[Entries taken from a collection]
____

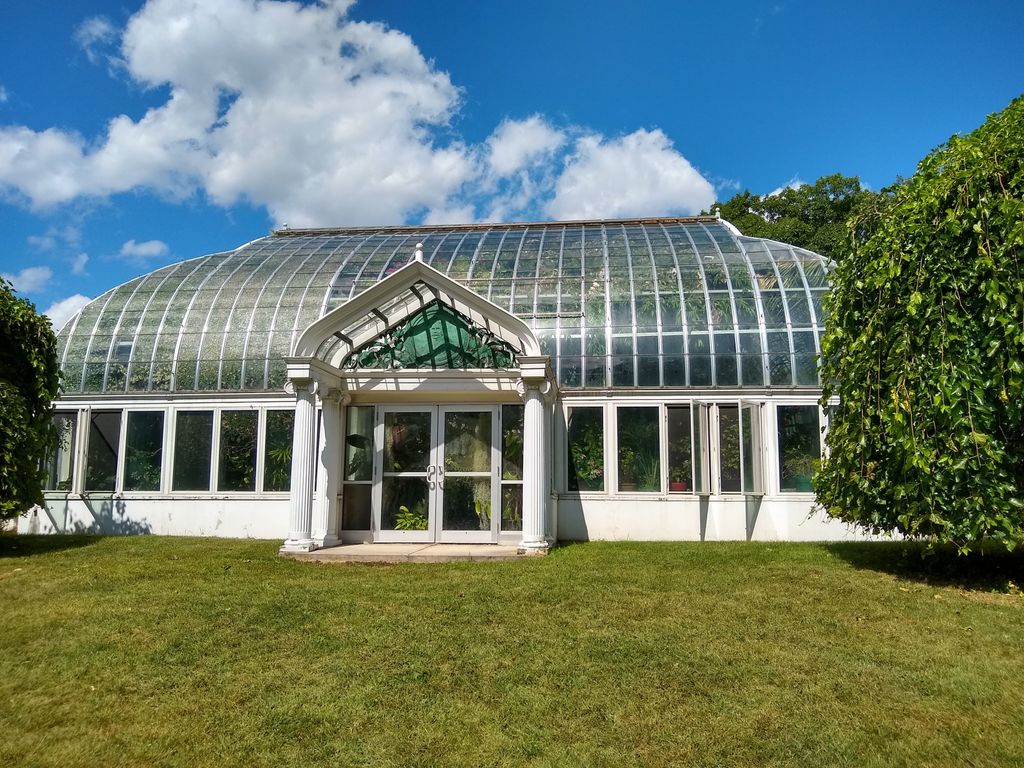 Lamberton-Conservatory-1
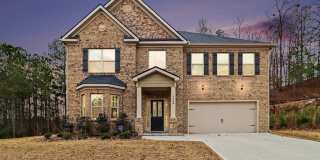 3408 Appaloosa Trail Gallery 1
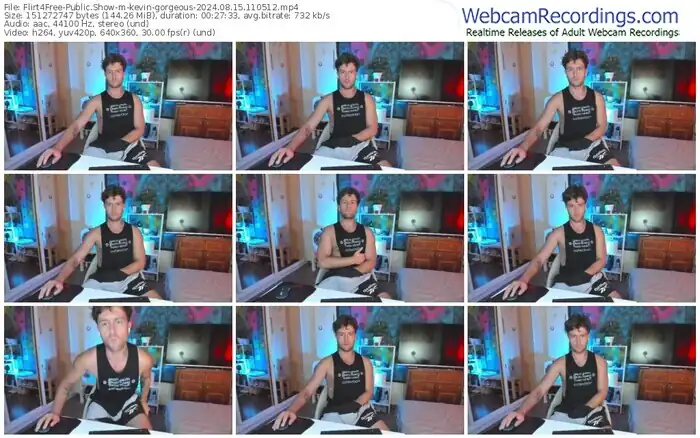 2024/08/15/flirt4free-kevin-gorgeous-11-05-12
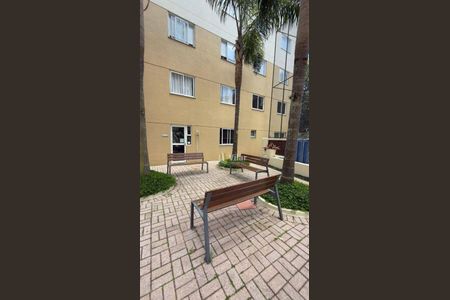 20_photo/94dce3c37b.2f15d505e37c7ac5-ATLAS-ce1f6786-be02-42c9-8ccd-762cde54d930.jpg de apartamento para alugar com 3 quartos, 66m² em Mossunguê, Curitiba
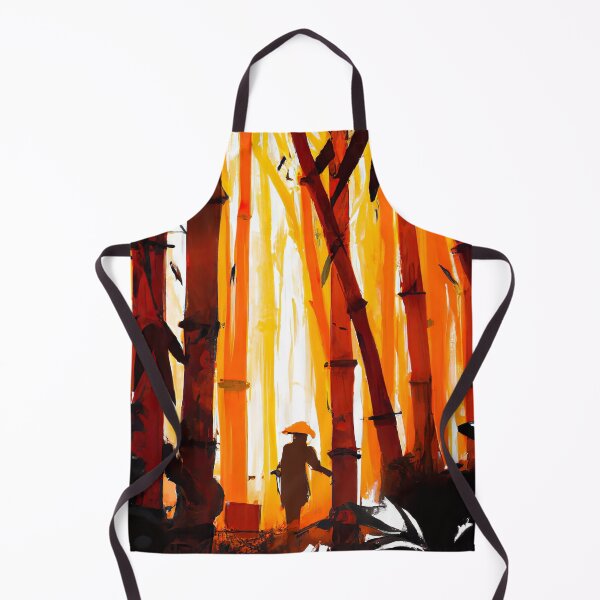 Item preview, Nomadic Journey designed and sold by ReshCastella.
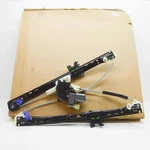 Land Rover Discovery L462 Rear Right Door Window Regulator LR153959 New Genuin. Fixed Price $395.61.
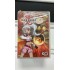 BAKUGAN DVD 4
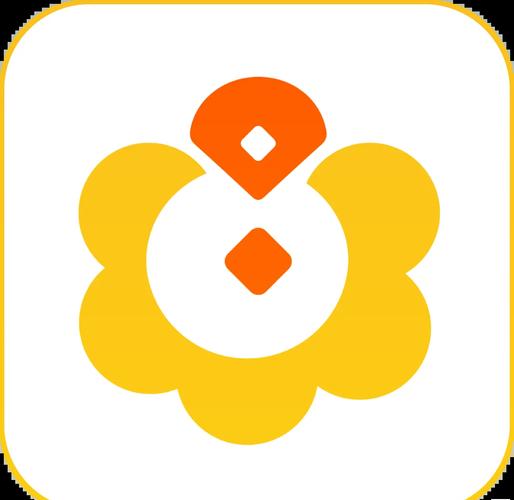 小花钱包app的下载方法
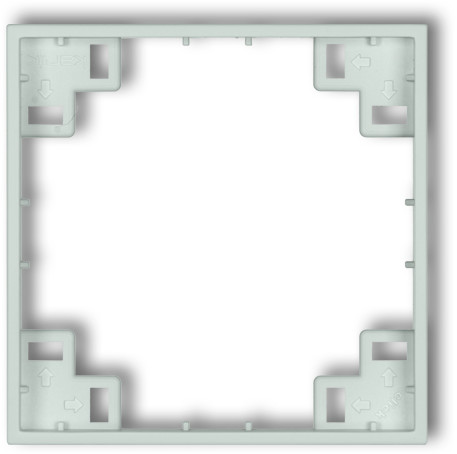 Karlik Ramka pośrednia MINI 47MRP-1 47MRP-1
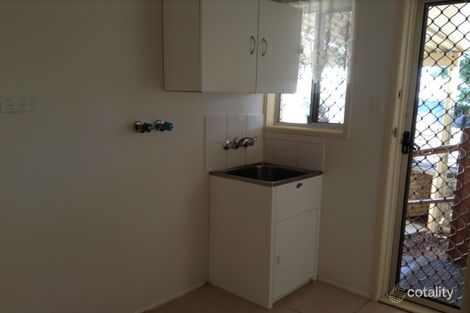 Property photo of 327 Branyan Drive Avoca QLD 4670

____

### WORK REQUIRED
What is needed is an exact copy of the lines from the one with "em Mossunguê, Curitiba" through the end of the data above, both included, minus any pictures.

### WORKED SOLUTION
 20_photo/94dce3c37b.2f15d505e37c7ac5-ATLAS-ce1f6786-be02-42c9-8ccd-762cde54d930.jpg de apartamento para alugar com 3 quartos, 66m² em Mossunguê, Curitiba
 Item preview, Nomadic Journey designed and sold by ReshCastella.
 Land Rover Discovery L462 Rear Right Door Window Regulator LR153959 New Genuin. Fixed Price $395.61.
 BAKUGAN DVD 4
 小花钱包app的下载方法
 Karlik Ramka pośrednia MINI 47MRP-1 47MRP-1
 Property photo of 327 Branyan Drive Avoca QLD 4670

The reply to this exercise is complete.